The Supreme Court agreed today to hear a case against Wal-Mart that could represent the largest employment class-action suit in U.S. history, with potentially far-reaching impact on class-action claims in other areas, like antitrust, securities, and products liability. The lawsuit, first filed in 2001 by six former and current female employees, including greeter Betty Dukes, alleges that Wal-Mart discriminated against 500,000 to 1.5 million of its female staffers in terms of both pay and promotion. But the Supreme Court won’t be deciding whether Wal-Mart is guilty of discrimination. It will be deciding whether a single class-action suit is appropriate when the discrimination claims are spread across 3,400 stores and 170 job classifications. In fact, it was Wal-Mart that appealed the U.S. Court of Appeals for the Ninth Circuit’s ruling in April that the suit could go ahead, pushing for a Supreme Court hearing. And no wonder: The lawsuit demands back pay and punitive damages for women employees that could amount to billions of dollars.

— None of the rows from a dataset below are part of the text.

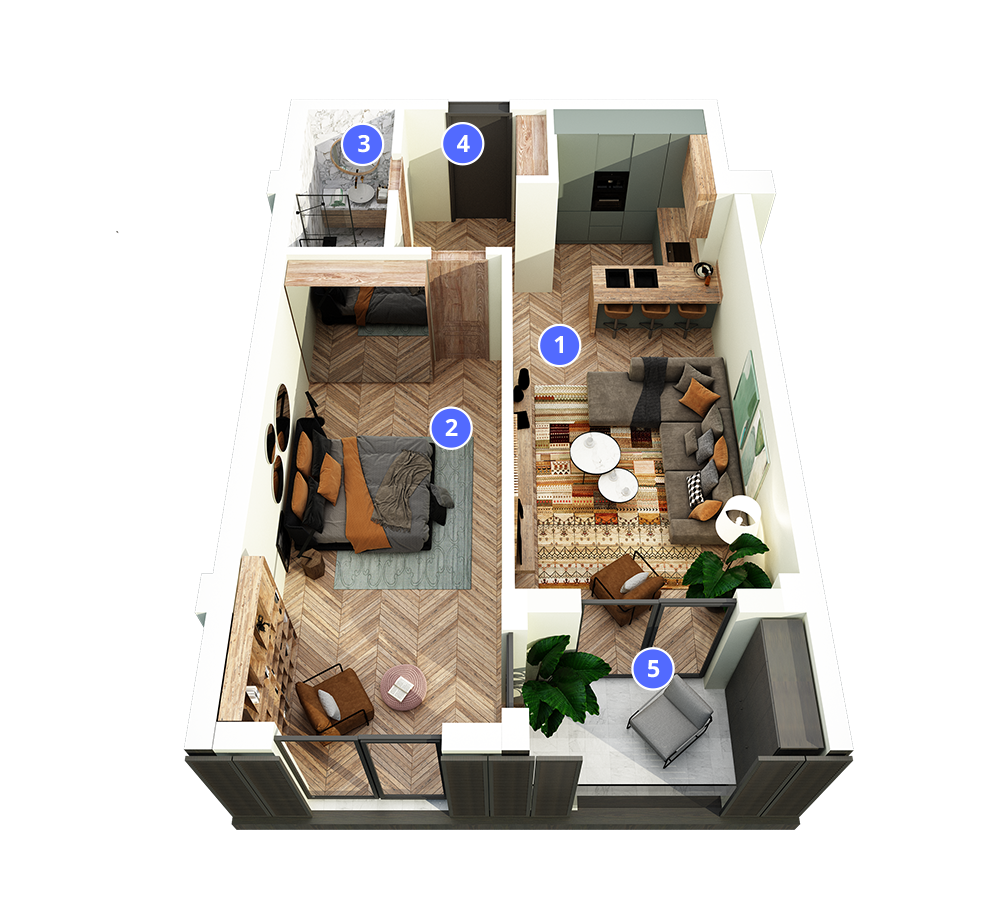 _3D photo of_ Park Home Vake A Apartment: 31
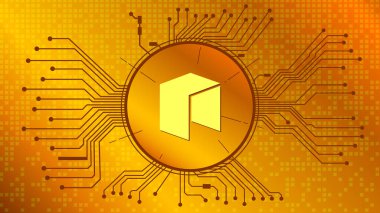 NEO kripto para simgesi, altın zemin üzerinde pcb ile daire içine alınmış sikke simgesi. Web sitesi veya pankart için tekno biçiminde vektör illüstrasyonu.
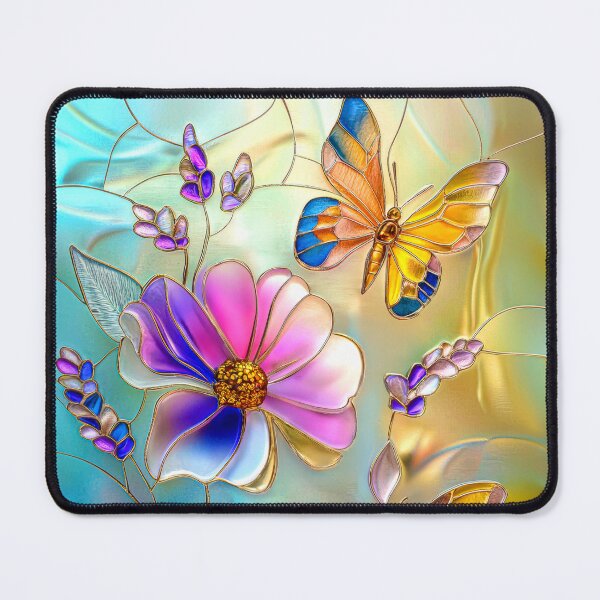 Item preview, Wildflowers and Butterflies Stained Glass  designed and sold by MargaretWiktor.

The decision pits civil-rights groups against business interests. Civil-rights advocates say class-action suits are the best way to make business stop discriminatory practices. Business groups, on the other hand, argue that class action puts pressure on companies to settle, regardless of the veracity of the charges, so that they can avoid the cost of litigation and size of the payout.
But the case could also end up pitting both of the court’s new Democratic nominees against each other. In the briefs for Wal-Mart Stores v. Dukes, Wal-Mart twice cited an influential law-review note that Justice Elena Kagan wrote as a student at Harvard on class certification in employment-discrimination suits. Whereas the plaintiffs noted that Justice Sonia Sotomayor had voted to certify an even larger class action, where Wal-Mart was a plaintiff, in an antitrust case involving 8 million merchants when she was a judge in New York.
In their brief asking the Supreme Court to deny reviewing Wal-Mart’s appeal, the plaintiffs said Wal-Mart’s real objection to class action came down to the size of the class. “The class is large,” they argued, “because Wal-Mart is the nation’s largest employer and manages its operations and employment practices in a highly uniform and centralized manner.” Wal-Mart countered that plaintiffs in 3,400 stores under 170 job classifications do not have enough in common to make class action appropriate, which some call a stalling technique since they’re no longer contesting guilt. Hmmm, isn’t that sort of like saying you can’t charge us with mass theft because we robbed too many different people?